Not all public sector organisations have the luxury of being able to offer incentives to bring the absence problem under control, but they can still attack it successfully as long as there is widespread buy-in. For example, senior managers at the midwifery unit of the Northern Devon Healthcare NHS Trust decided to tackle high levels of absence, which ranged from 4.9% to 6.7% in 2007, as the issue was raising fears about the impact on service delivery and its ongoing funding.
Working with the Trust’s HR team and employment specialist PES, they launched a pilot scheme whereby absence reporting was improved, along with the training of line managers and HR. The new process was clearly communicated to employees which resulted in absence rates in the unit falling to between 2.5% and 3.5%.
Reducing absence levels, therefore, does not need to cost a lot as there are a number of approaches employers can take to address the problem, even on a tight budget.
Case Study: Royal Mail
Five years ago, Royal Mail was losing money and often offering a poor service to customers, not least because staff absence rates were typically high at around 7% a year and costing an estimated £1 million a day. In a bid to tackle the problem, it introduced a range of incentives and health and wellbeing initiatives that helped cut absence rates to 4.5% after three years, bringing 3,600 employees back to work each day and saving the group nearly £228 million, according to an analysis by the London School of Economics in May 2008.

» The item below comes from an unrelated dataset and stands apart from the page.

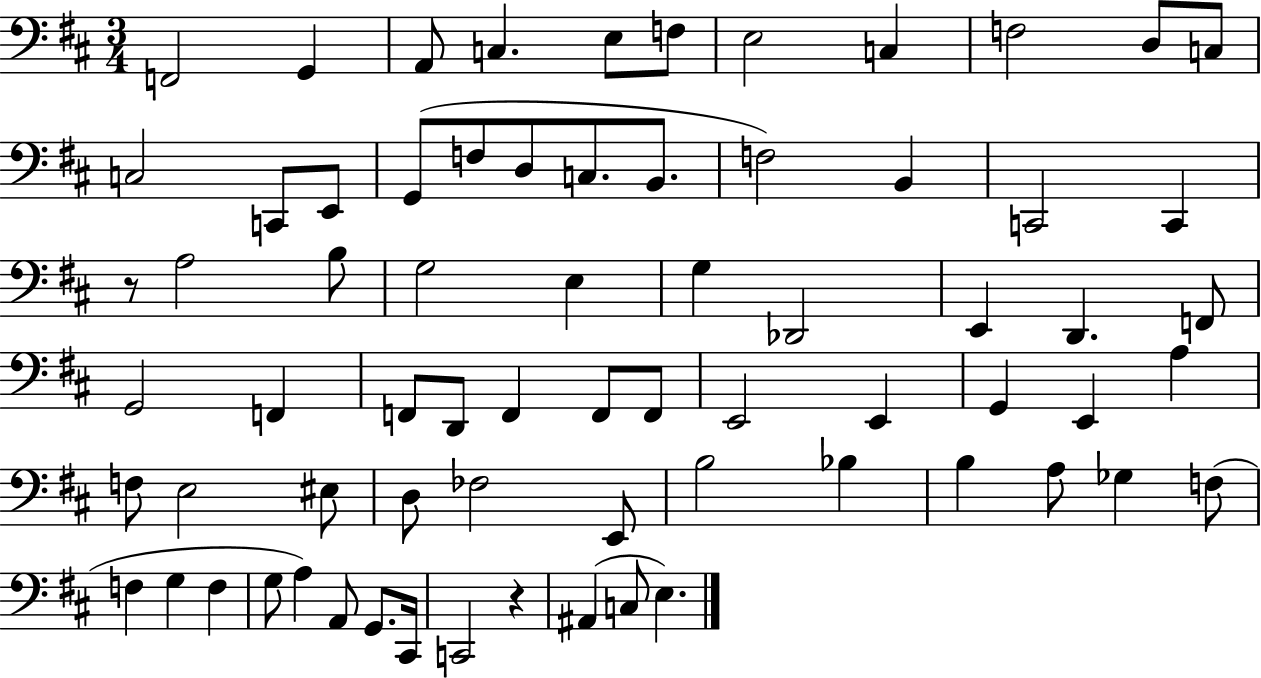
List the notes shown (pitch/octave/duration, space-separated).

F2/h G2/q A2/e C3/q. E3/e F3/e E3/h C3/q F3/h D3/e C3/e C3/h C2/e E2/e G2/e F3/e D3/e C3/e. B2/e. F3/h B2/q C2/h C2/q R/e A3/h B3/e G3/h E3/q G3/q Db2/h E2/q D2/q. F2/e G2/h F2/q F2/e D2/e F2/q F2/e F2/e E2/h E2/q G2/q E2/q A3/q F3/e E3/h EIS3/e D3/e FES3/h E2/e B3/h Bb3/q B3/q A3/e Gb3/q F3/e F3/q G3/q F3/q G3/e A3/q A2/e G2/e. C#2/s C2/h R/q A#2/q C3/e E3/q.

The initiatives included introducing health screening and fast access to occupational health services, such as physiotherapy, and other support schemes such as an employee assistance programme (EAP). This was backed up with the introduction of health clinics at 90 sites and the launch of fitness centres in larger operations, including a £350,000 gym at the Mount Pleasant sorting office in London where staff are helped to get fit and back to work. Dr Steve Boorman, chief medical adviser at Royal Mail, believes the in-house fitness centre is particularly valuable. “People can lose contact with the workplace when they are on long-term sick leave.
“Coming in and seeing their mates can be part of the recovery process, as can seeing other sick employees making progress.” High-profile prize draws in 2004/05 to win cars and holidays as rewards for good attendance also helped reduce absence dramatically, although these had a limited shelf life. “Like any communication exercise it started to decay after while and made less of an impact, which is why we now focus on wellbeing programmes,” adds Boorman.